(INFORMATION PROVIDED)

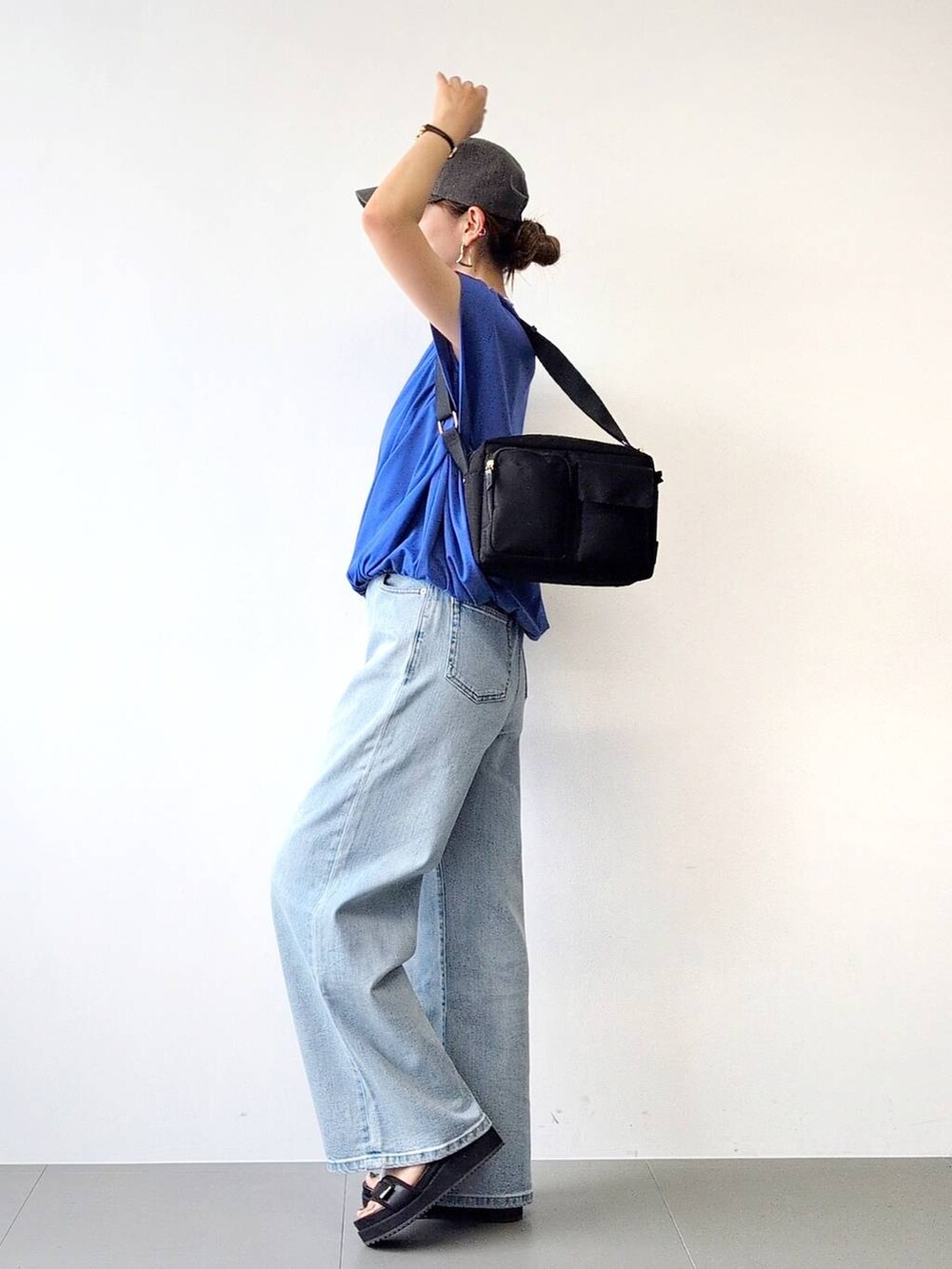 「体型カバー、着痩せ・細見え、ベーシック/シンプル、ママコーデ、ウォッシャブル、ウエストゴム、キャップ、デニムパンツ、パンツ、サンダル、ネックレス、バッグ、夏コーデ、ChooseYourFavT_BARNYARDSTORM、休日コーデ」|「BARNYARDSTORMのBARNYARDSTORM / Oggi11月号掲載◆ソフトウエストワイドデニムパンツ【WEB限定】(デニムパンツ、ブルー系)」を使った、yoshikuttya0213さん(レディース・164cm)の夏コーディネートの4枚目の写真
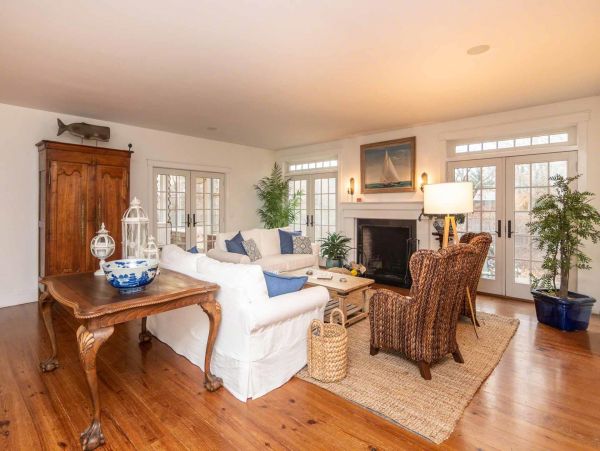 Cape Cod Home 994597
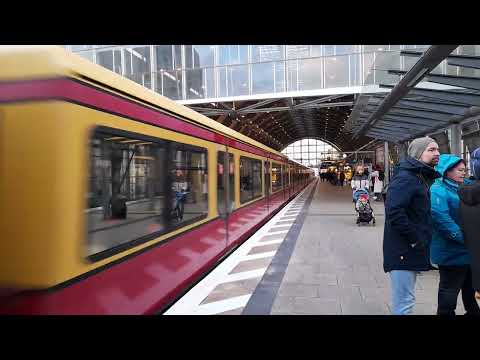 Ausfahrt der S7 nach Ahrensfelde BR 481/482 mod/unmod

(End INFORMATION PROVIDED)
(INFORMATION PROVIDED)

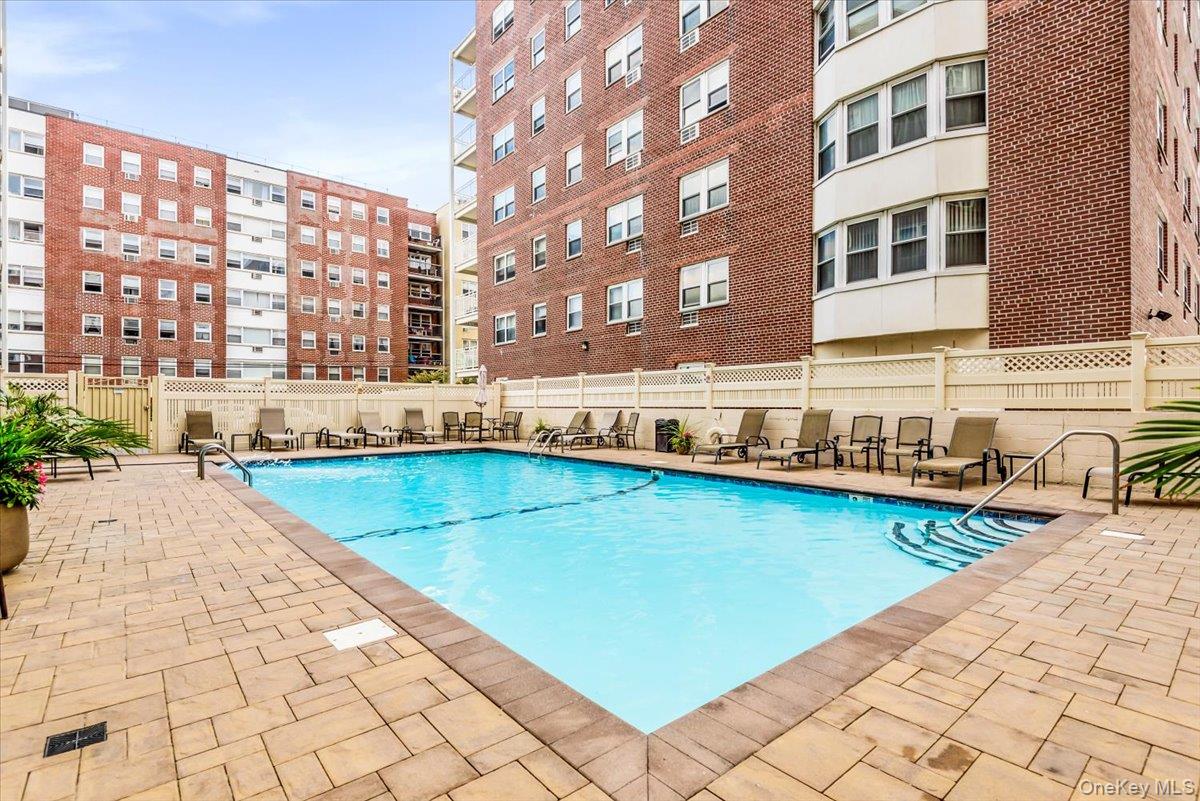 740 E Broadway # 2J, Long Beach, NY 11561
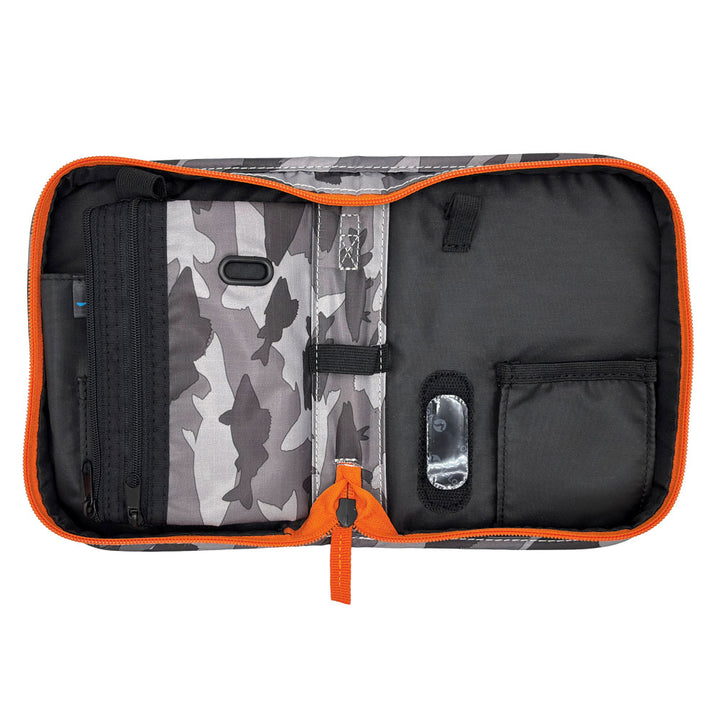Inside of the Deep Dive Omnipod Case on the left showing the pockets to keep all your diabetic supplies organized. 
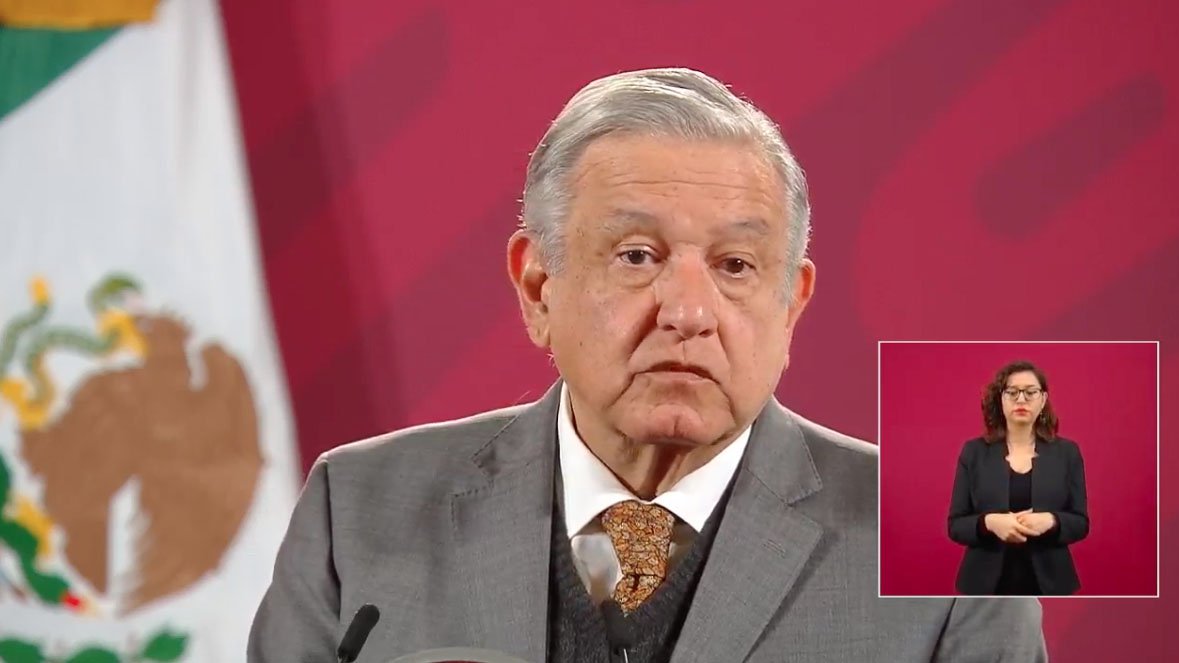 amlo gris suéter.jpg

(End INFORMATION PROVIDED)
(INFORMATION PROVIDED)

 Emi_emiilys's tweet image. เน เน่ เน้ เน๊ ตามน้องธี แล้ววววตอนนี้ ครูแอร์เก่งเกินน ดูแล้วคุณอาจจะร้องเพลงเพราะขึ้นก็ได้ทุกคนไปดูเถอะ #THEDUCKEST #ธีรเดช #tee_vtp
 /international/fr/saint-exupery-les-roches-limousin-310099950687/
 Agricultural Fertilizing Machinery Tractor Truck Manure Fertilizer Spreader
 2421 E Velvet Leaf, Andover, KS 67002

(End INFORMATION PROVIDED)

PROBLEM ▸ The answer should consist only of the lines above from the one with "740 E Broadway # 2J, Long Beach, NY 11561" through the one with "amlo gris suéter.jpg", repeated exactly, with no pictures among them.

RESULT BELOW ▸
 740 E Broadway # 2J, Long Beach, NY 11561
Inside of the Deep Dive Omnipod Case on the left showing the pockets to keep all your diabetic supplies organized. 
 amlo gris suéter.jpg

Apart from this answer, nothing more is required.